Twitter message collection for the Spanish 15M movement : Download the Zip file here (but read below!).

Yamir Moreno (yamir_dot_moreno_at_gmail_dot_com)
Javier Borge-Holthoefer (borge_dot_holthoefer_at_gmail_dot_com)

15m.zip contains this “readme.txt” plus two files with information about Twitter messages that were collected in the period April-May 2011. These messages are related to the political events occurred at that time in Spain, and only messages in Spanish are considered. A detailed description of the data can be found in [1], [2] and [3].

Important note: Some information can not be disclosed. Thus, whatever features NOT present in these public files are those which (a) we never had access to; or (b) we are not allowed to make public.

****** 15m.csv:
This file reflects the activity around the 15M movement. The file is organized in three fields, separated by “;”

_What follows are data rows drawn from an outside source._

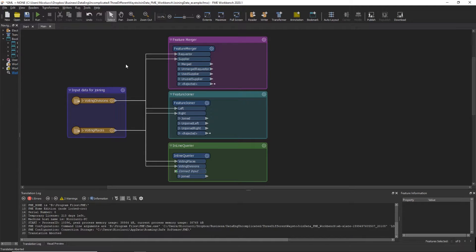Hello everyone, this video is going to be about the three transformers you can use to join your data based on common attributes in FME Workbench.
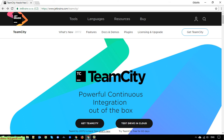Hi, in this video today I want to show you how to install TeamCity on your Windows PC. TeamCity is created by the ZBrain company and it is a powerful continuous integration software.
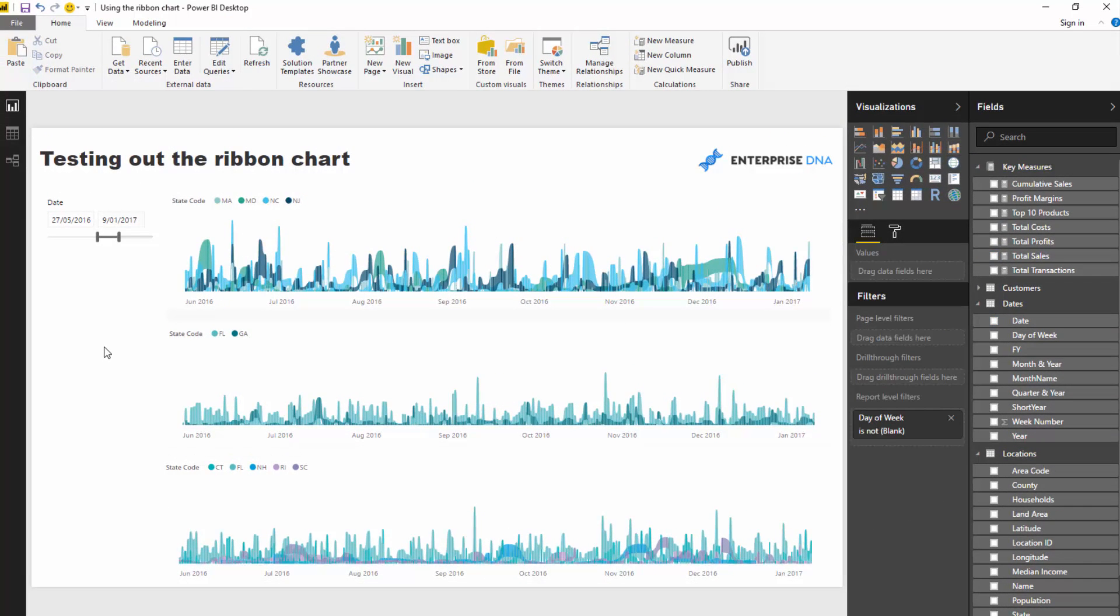So hopefully you've seen this and can work out how to use it. You've got to download the latest Power BI desktop at this time of recording. Soon enough, this will feel like an old visual, but at the moment it's brand new and it looks really great.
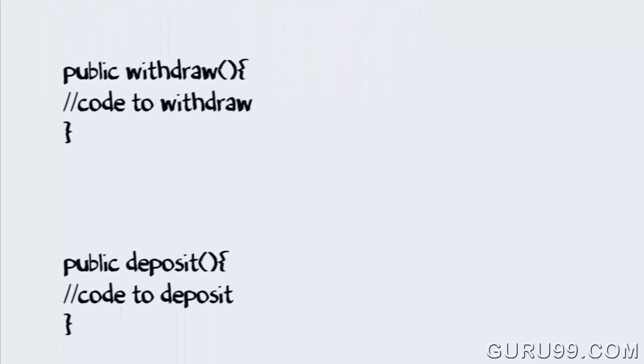In structured programming I will create two functions, one to withdraw and another to deposit, since the working of these functions remains same across the accounts.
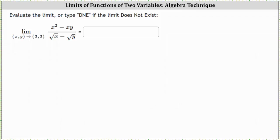We're asked to evaluate the limit if possible. We have the limit of the function as x comma y approaches 3 comma 3. Notice at the point 3 comma 3, the denominator is equal to the square root of 3 minus the square root of 3, which is 0, and therefore the function has discontinuity at the point 3 comma 3.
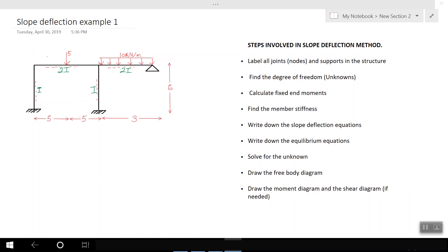The first step is to label all your joints and supports of the structure. I'm going to give numbers to each joint and each support. I'm going to call this joint one, this two, this is three, four, and five. So I'm done with the first step.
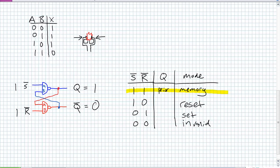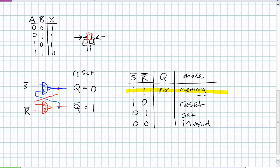We still haven't discussed what set and reset mean — just look at the outputs. A set condition means Q is one and not-Q is its opposite. A reset condition means Q is zero and not-Q is one.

- “idt” refers to the user id, i.e. the Twitter account from which the message was delivered. This “idt” is conveniently anonymized (to an integer number) to preserve users’ actual identity.
- “segs” refers to the time at which the message was delivered, in seconds. The time t=0 (first collected message) corresponds to April 25th, 2011 at 00:18:27.
- “hashtags” lists all the hashtags contained in the message. Note that such list is variable, and some care is needed when processing the file.
- “mentions” lists any other user that was mentioned within the message in the form of ‘@user’ (the numerical id is provided). Again, the field has a variable length (depending on the amount of mentions made in that particular message) and NULL indicates that no mentions were made.

Please cite [1] and/or [2] if this file is used.
****** 15m_follower.net:
This file is in Pajek format, encoding the directed, unweighted network structure of “follower-following” relationships between pairs of users. Users are assigned a numerical id, ranging from 1 to 87569, which corresponds with the id in the previous file (15m.csv).

Note 1: As described in [2] and [3], link direction corresponds to the direction of the information flow: a node has out-going links towards those who follow him; and in-coming links from those whom he follows.
Note 2: The network does not contain the whole set of following-follower relationships (which would yield a structure with over 3 million nodes). We have filtered these relationships only to those who participated in the 15M events (thus, those who sent at least a message in that topic; or those who did not send any message, but were mentioned with a ‘@’ symbol by someone who did.

Pajek format:

*Vertices 87569
1 *64
2 *65
3 *66
4 *67
5 *68

1 4464 1
1 21243 1
1 27205 1
1 32226 1
1 40335 1
2 3089 1

The first part of the file (below “*Vertices”) describes the nodes in the network. You may ignore the second field (which is supposed to contain the node’s tag, but is useless here).
The second part of the file (below “*Arcs”) contains the links of the network in the format “from to weight”. As the weight is always 1 (unweighted network), you may also ignore this field.

Please cite [2] and/or [3] if this file is used.


[1] Structural and Dynamical Patterns on Online Social Networks: the Spanish May 15th Movement as a Case Study. J. Borge-Holthoefer et al. PLoS One 6(8): e23883 (2011) doi:10.1371/journal.pone.0023883

[2] The Dynamics of Protest Recruitment through an Online Network. S. González-Bailón, J. Borge-Holthoefer, A. Rivero and Y. Moreno. Scientific Reports, 1, 197 (2011) doi: 10.1038/srep00197

[3] Locating Privileged Spreaders on an Online Social Network. J. Borge-Holthoefer, A. Rivero and Y. Moreno. Physical Review E, 85, 066123 (2012)